In the present case, relators generally seek to protect King from being deposed altogether because his testimony would only relate to matters protected by the attorney-client privilege. Jim Walter Homes, Inc. v. Foster, 593 S.W.2d 749, 752 (Tex.Civ.App.—Eastland 1979, no writ). Further, Tex.R.Evid. 5 lists various exceptions to the attorney-client privilege, the applicability of which may not be known until the attorney has, in fact, been deposed.

We hold that the trial court did not abuse its discretion in this regard. Unlike, West v. Solito, 563 S.W.2d at 244–45, the trial court in this case did not order King to answer all deposition questions and produce all documents, including those matters protected by the attorney-client privilege. The trial court merely ordered that King be deposed. Future objections based on the attorney-client privilege may still be entertained. Therefore, relators have not met their burden of showing that any of the communications were protected by the attorney-client privilege. Accordingly, we deny relators’ request for a writ of mandamus in this regard.

By their second point, relators contend the trial court abused its discretion by denying their requested alternative relief that King be deposed only in Franklin County, Ohio.

Tex.R.Civ.P. 201(5) provides in relevant part that the time and place designated shall be reasonable. This rule further states that the deposition shall be taken: (1) in the county of the witness residence; (2) in the county where the witness is employed or regularly transacts business; or (3) at such other convenient place as may be directed by the court in which the cause is pending. However, the person or persons designated by a party under Tex.R.Civ.P. 201(4) may be deposed in the county of suit.

The record reveals that King is neither a party in this lawsuit, nor been designated as Borden’s corporate representative. The record further reveals that King both resides and regularly transacts business in Franklin County, Ohio, as Borden’s corporate labor counsel. Finally, there was no evidence presented to the trial court to show that it was reasonable or otherwise convenient for King to travel to Hidalgo County, Texas for a deposition.

We hold that the trial court abused its discretion by ordering King to be deposed at a location contrary to Tex.R.Civ.P. 201(5). Compare Wal–Mart Stores, Inc. v. Street, 761 S.W.2d 587, 589–91 (Tex.App.—Fort Worth 1988, original proceeding). Although De La Rosa argues that the court ordered the parties to seek a compromise regarding the location of the deposition, the record merely reflects that De La Rosa offered by way of a compromise to take the deposition in either Houston or Dallas. No agreement by the parties concerning the location of the deposition has been made a part of the record, and the trial court’s order denying relators’ alternative relief placed the location of the deposition in Hidalgo County, Texas.

We conditionally grant the petition for writ of mandamus directing the trial court to modify his order to provide that the deposition be taken in Franklin County, Ohio.
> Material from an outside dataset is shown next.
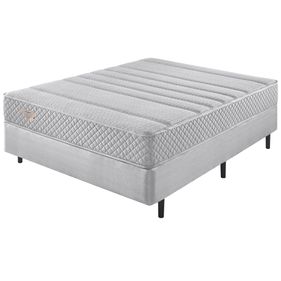 Conjunto Cama Box Blend Casal Ecoflex 138x188x67cm Molas Ensacadas PZ3 Cinza Mescla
Tex.R.App.P. 121. We are confident that the trial court will abide by our decision and a writ of mandamus will issue only if the trial court fails to do so. All other requested relief is denied.



We were informed by the parties during oral argument that the matters at issue in the subpoena duces tecum have been resolved by agreement. Therefore, these matters are not at issue in this mandamus proceeding and will not be further addressed.